訴訟を受けてインターネットアーカイブの運営者であるブリュースター・ケール氏は「インターネットアーカイブの電子図書館は、通常の図書館と同様に図書館として本を貸し出しているだけです」とコメントしていました。また、この大手出版社による訴訟の動きは「出版社がパンデミックを利用して図書館を『読書サービス』化し、利益を搾り取ろうとしています」という指摘も受け、図書館の意義が訴訟によって揺らぐ懸念も上がっていました。

出版社によって「文化を後世に残す」「誰でも自由に本が読める」という図書館の偉大さが失われようとしている - GIGAZINE


インターネットアーカイブはこの訴訟について、「図書館による本の貸出を犯罪化する試みである」として出版社の主張を棄却する申し立てをニューヨークの連邦裁判所に提出。
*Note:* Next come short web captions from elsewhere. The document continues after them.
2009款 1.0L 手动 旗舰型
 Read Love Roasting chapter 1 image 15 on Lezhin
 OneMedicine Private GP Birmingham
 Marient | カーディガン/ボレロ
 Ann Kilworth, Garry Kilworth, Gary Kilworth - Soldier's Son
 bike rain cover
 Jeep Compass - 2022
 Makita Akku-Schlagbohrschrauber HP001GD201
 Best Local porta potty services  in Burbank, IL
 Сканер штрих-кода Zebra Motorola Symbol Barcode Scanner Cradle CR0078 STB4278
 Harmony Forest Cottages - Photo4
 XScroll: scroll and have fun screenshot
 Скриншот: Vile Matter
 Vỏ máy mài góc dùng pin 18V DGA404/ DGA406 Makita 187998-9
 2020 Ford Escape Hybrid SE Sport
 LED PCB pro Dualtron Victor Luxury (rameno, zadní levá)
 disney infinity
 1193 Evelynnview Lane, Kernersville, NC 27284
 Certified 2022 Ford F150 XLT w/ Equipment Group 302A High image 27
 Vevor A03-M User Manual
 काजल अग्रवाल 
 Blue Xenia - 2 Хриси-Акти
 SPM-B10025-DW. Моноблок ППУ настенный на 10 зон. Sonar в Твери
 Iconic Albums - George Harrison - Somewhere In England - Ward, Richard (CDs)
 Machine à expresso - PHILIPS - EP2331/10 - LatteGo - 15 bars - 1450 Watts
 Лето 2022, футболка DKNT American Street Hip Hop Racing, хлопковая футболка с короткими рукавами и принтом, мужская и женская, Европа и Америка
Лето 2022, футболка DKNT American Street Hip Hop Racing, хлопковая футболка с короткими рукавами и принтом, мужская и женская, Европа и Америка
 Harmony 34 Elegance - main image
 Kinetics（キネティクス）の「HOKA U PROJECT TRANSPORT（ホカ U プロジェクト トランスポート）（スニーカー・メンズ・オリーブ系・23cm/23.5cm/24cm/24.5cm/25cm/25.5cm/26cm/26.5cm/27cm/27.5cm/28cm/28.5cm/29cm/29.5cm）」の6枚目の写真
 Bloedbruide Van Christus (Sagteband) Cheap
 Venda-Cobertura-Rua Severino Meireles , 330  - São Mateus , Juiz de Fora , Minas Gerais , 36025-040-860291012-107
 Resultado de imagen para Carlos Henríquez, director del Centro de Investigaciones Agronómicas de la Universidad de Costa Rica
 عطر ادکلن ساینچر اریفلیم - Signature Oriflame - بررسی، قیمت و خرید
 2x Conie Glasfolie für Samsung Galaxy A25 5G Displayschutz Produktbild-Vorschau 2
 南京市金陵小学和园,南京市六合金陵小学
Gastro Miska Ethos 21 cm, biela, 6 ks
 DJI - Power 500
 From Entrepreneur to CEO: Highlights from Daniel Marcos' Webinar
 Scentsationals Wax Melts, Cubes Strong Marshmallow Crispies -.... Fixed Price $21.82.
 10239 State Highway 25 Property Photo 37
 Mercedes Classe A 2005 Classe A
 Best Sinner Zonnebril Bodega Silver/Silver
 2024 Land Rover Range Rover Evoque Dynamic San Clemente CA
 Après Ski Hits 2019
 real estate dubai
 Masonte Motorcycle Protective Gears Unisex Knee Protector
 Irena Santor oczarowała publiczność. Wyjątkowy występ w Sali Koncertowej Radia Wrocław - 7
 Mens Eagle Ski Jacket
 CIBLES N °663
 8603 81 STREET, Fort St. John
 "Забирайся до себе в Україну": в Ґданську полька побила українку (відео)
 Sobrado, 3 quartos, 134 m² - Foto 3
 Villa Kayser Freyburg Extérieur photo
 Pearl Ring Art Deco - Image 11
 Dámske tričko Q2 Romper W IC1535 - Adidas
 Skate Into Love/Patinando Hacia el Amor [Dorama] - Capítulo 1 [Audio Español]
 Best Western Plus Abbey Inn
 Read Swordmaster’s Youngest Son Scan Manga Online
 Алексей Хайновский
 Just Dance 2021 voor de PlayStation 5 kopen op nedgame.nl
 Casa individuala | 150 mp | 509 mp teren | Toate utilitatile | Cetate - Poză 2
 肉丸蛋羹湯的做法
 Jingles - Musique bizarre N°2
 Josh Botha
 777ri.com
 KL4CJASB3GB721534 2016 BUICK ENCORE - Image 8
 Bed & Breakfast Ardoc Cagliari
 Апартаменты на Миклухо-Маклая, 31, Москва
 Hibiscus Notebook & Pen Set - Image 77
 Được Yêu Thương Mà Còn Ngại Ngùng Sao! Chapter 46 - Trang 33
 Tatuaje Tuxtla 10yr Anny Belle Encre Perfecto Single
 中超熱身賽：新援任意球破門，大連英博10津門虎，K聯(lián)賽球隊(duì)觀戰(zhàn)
さらに、2022年7月8日には電子フロンティア財団がインターネットアーカイブの申し立てを支持する概要を連邦裁判所に提出し、「インターネットアーカイブの管理されたデジタル貸出プログラムは、著作権法の対象となるフェアユースの範囲内であり、デジタル世界の図書館貸出サービスは維持可能です」と主張しています。

電子フロンティア財団は「問題のタイトルがオンラインライブラリから削除されたときに他の本に比べて印刷物の売り上げがわずかに悪化した」という事実を元に、電子図書館が実際の本の市場に害を及ぼさないことを主張し、訴えを起こしている大手出版社が電子図書館により利益を失っていないと示しました。

出版者の訴訟は「図書館貸出の原則を攻撃している」としてしばしば批判を受けていますが、Hacker Newsではこの件に対し同様に電子図書館を支持する声の一方で、「インターネットアーカイブは著作権法的に不誠実な面があり、実用性によって合理的であると認められているのみです」「法を破ることによって法を変えることは、歴史上で起こってきたことではあっても、無謀な計画だと思います」などインターネットアーカイブに対して批判的な意見も集まっており、デジタル図書館と著作権法に対して議論が白熱しています。